一つは、1960〜70年代の真空管アンプ時代のアナログ録音、もう一つは、1986〜91年の最新のPCMディジタル録音で、
ともにCD5枚組のアルバムです。いずれもオーストリア出身の女性ピアニスト、イングリット・ヘブラー(Ingrid Haebler、1929年〜)の演奏です。
この2つのCD、一人のピアニストが演奏したとは思えないほど違って聞こえます。
アナログ録音とディジタル録音の違いだけではありません。明らかに演奏スタイルが違うのです。
旧録音では、ヘブラーは遅めのテンポをとっています。これに引き替え、新録音は速めです。
また旧録音では、左手の音が小さめで、あくまで右手の音の補佐のように弾いています。
新録音では、左手の音も右手に対等にやりあっているようです。
この2つの録音は20年以上空いています。この間にヘブラーの演奏スタイルが変わったのも当然だと思います。
ヘブラー本人が次のように語っています。
「若い頃の私は性格的にも引っ込み思案で恥ずかしがりでしたから、それが演奏にも出ていたようですね。
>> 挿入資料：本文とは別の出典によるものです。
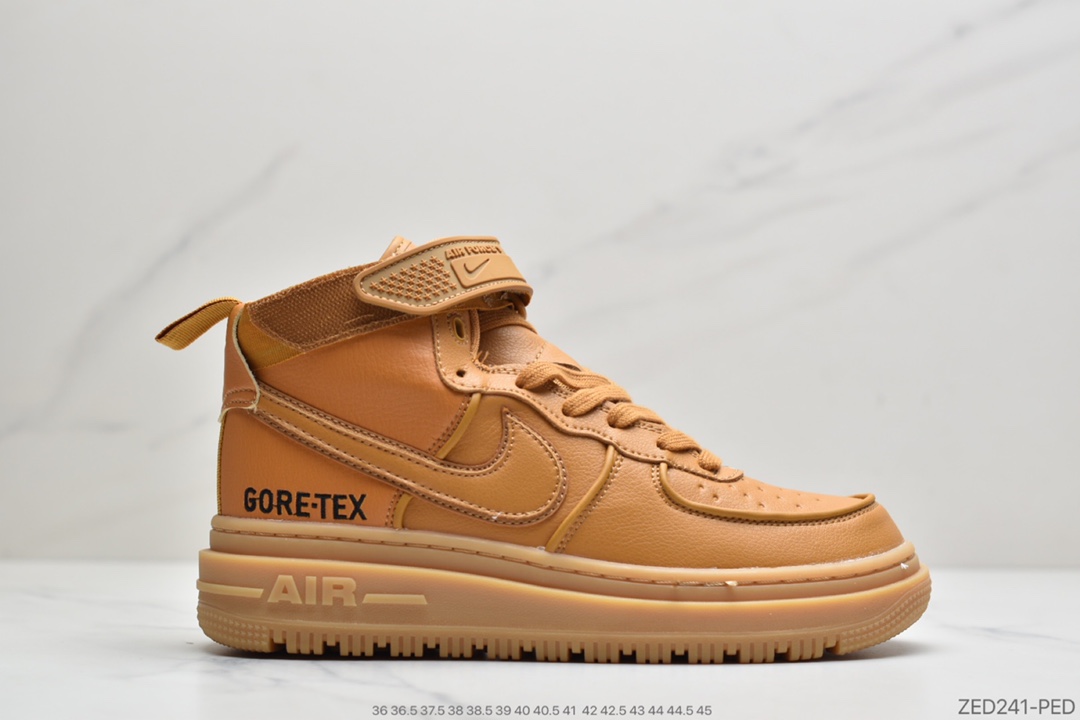 260 公司级耐克Nike Air Force 1 Gore-Tex Boot“ Wheat”整双鞋采用小麦色主打CT2815-200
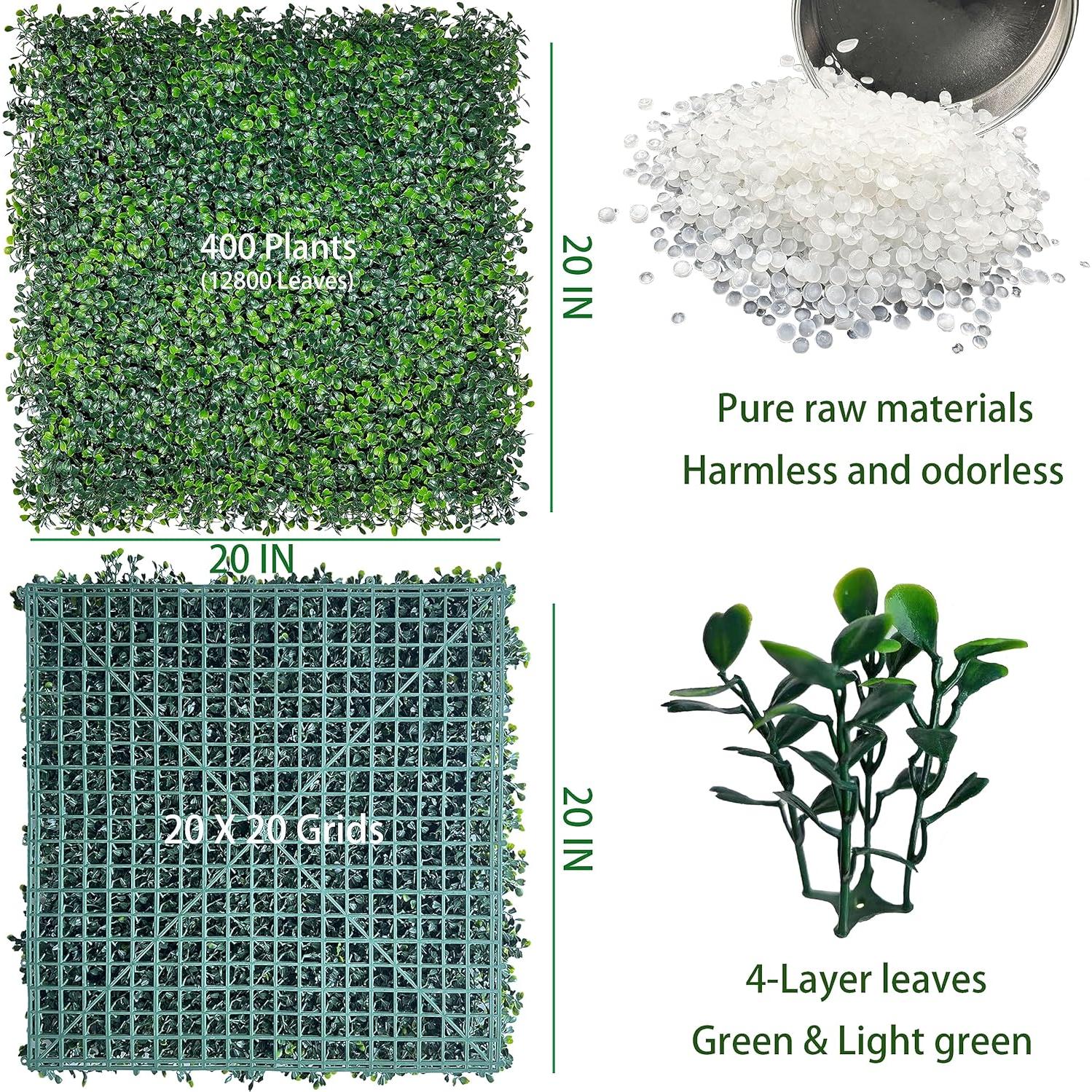 Paneles de Césped Artificial ODTORY 6P 50,8x50,8cm Verde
最近は、まあ自信もつきましたのでそれが出ているのかもしれません」(新CDの解説書より)。
そして「20年、30年前と、もし音楽が変わっていなければ、無駄に生きてきたことになりますよ」と。
この言葉に、相当な高齢にもかかわらず、あえてモーツァルトのピアノソナタ全曲録音に挑戦した、ヘブラーのモーツァルトへの愛着と意気込みを感じます。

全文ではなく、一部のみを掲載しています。